Today, we are excited to announce that Mercury and Mercury Coder foundation models (FMs) from Inception Labs are available through Amazon Bedrock Marketplace and Amazon SageMaker JumpStart. With this launch, you can deploy the Mercury FMs to build, experiment, and responsibly scale your generative AI applications on AWS.
In this post, we demonstrate how to get started with Mercury models on Amazon Bedrock Marketplace and SageMaker JumpStart.

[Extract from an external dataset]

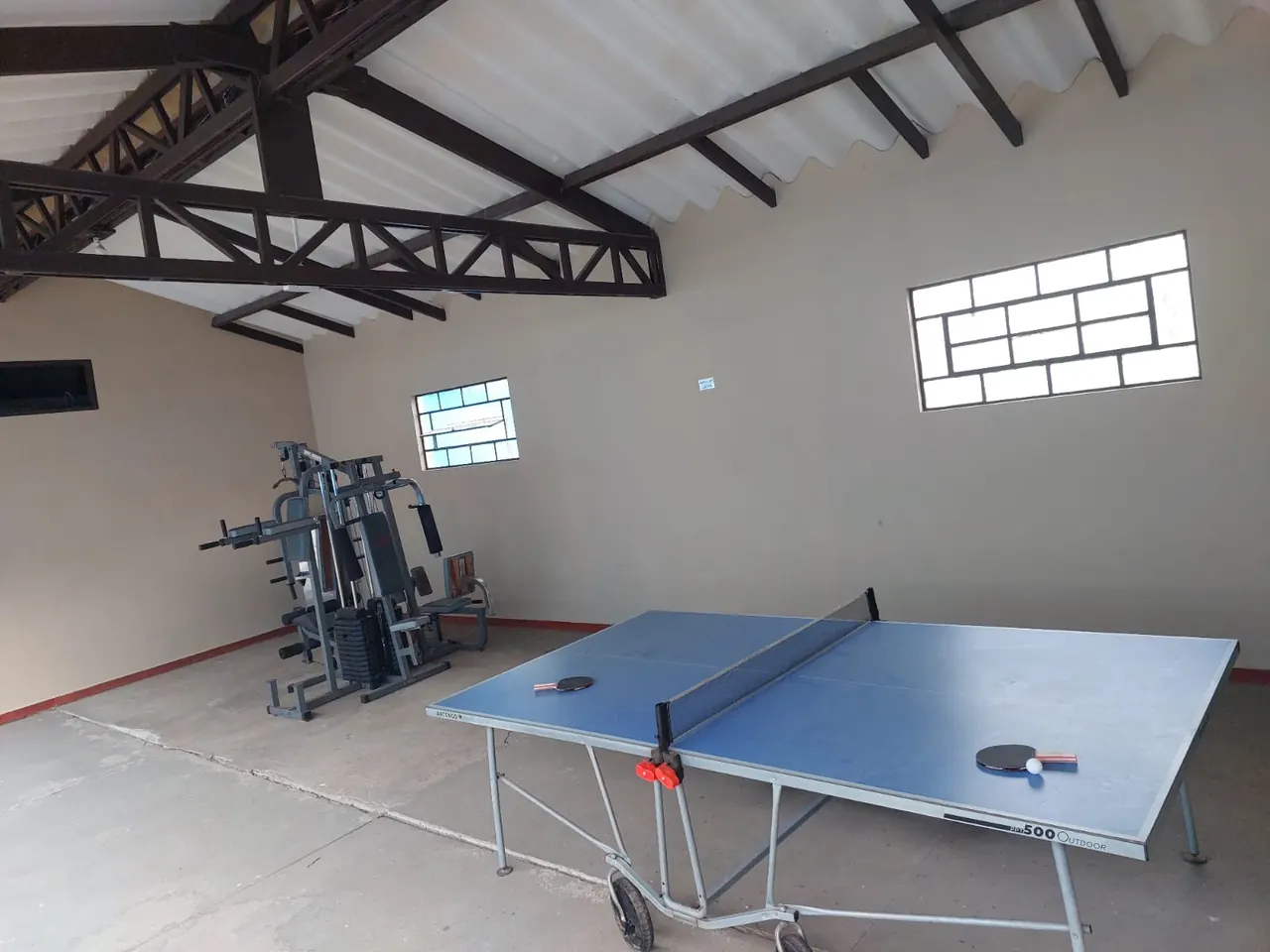 Sala de jogos com mesa de pingue-pongue em clínica de recuperação em Itanhaém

About Mercury foundation models
Mercury is the first family of commercial-scale diffusion-based language models, offering groundbreaking advancements in generation speed while maintaining high-quality outputs. Unlike traditional autoregressive models that generate text one token at a time, Mercury models use diffusion to generate multiple tokens in parallel through a coarse-to-fine approach, resulting in dramatically faster inference speeds. Mercury Coder models deliver the following key features:
Ultra-fast generation speeds of up to 1,100 tokens per second on NVIDIA H100 GPUs, up to 10 times faster than comparable models
High-quality code generation across multiple programming languages, including Python, Java, JavaScript, C++, PHP, Bash, and TypeScript
Strong performance on fill-in-the-middle tasks, making them ideal for code completion and editing workflows
Transformer-based architecture, providing compatibility with existing optimization techniques and infrastructure
Context length support of up to 32,768 tokens out of the box and up to 128,000 tokens with context extension approaches
About Amazon Bedrock Marketplace
Amazon Bedrock Marketplace plays a pivotal role in democratizing access to advanced AI capabilities through several key advantages:
Comprehensive model selection – Amazon Bedrock Marketplace offers an exceptional range of models, from proprietary to publicly available options, so organizations can find the perfect fit for their specific use cases.

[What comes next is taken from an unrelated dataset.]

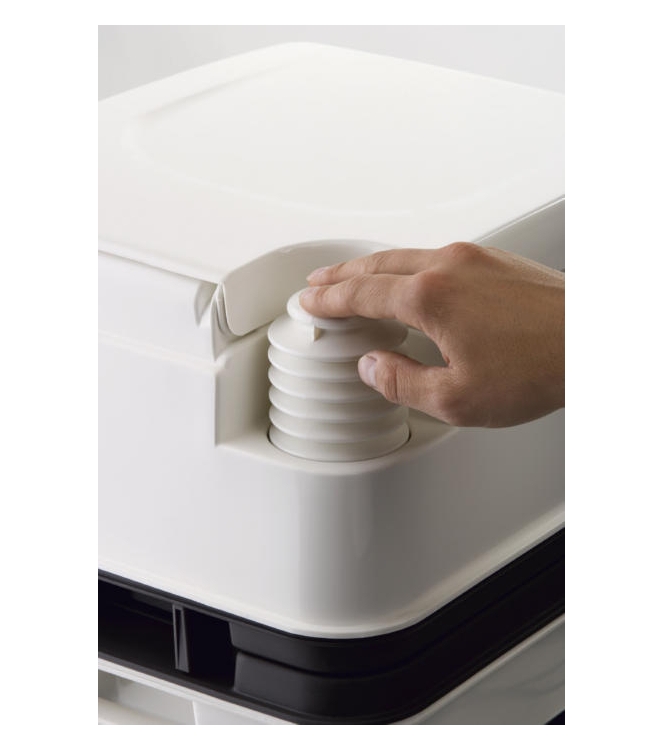 Thetford caravan 1304140 ecru bij Leerentveldvrijetijd.nl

Unified and secure experience – By providing a single access point for models through the Amazon Bedrock APIs, Amazon Bedrock Marketplace significantly simplifies the integration process. Organizations can use these models securely, and for models that are compatible with the Amazon Bedrock Converse API, you can use the robust toolkit of Amazon Bedrock, including Amazon Bedrock Agents, Amazon Bedrock Knowledge Bases, Amazon Bedrock Guardrails, and Amazon Bedrock Flows.
Scalable infrastructure – Amazon Bedrock Marketplace offers configurable scalability through managed endpoints, so organizations can select their desired number of instances, choose appropriate instance types, define custom automatic scaling policies that dynamically adjust to workload demands, and optimize costs while maintaining performance.
Deploy Mercury and Mercury Coder models in Amazon Bedrock Marketplace
Amazon Bedrock Marketplace gives you access to over 100 popular, emerging, and specialized foundation models through Amazon Bedrock. To access the Mercury models in Amazon Bedrock, complete the following steps:
On the Amazon Bedrock console, in the navigation pane under Foundation models, choose Model catalog.
You can also use the Converse API to invoke the model with Amazon Bedrock tooling.
On the Model catalog page, filter for Inception as a provider and choose the Mercury model.
The Model detail page provides essential information about the model’s capabilities, pricing structure, and implementation guidelines. You can find detailed usage instructions, including sample API calls and code snippets for integration.
To begin using the Mercury model, choose Subscribe.
On the model detail page, choose Deploy.
You will be prompted to configure the deployment details for the model. The model ID will be prepopulated.
For Endpoint name, enter an endpoint name (between 1–50 alphanumeric characters).
For Number of instances, enter a number of instances (between 1–100).
For Instance type, choose your instance type. For optimal performance with Nemotron Super, a GPU-based instance type like ml.p5.48xlarge is recommended.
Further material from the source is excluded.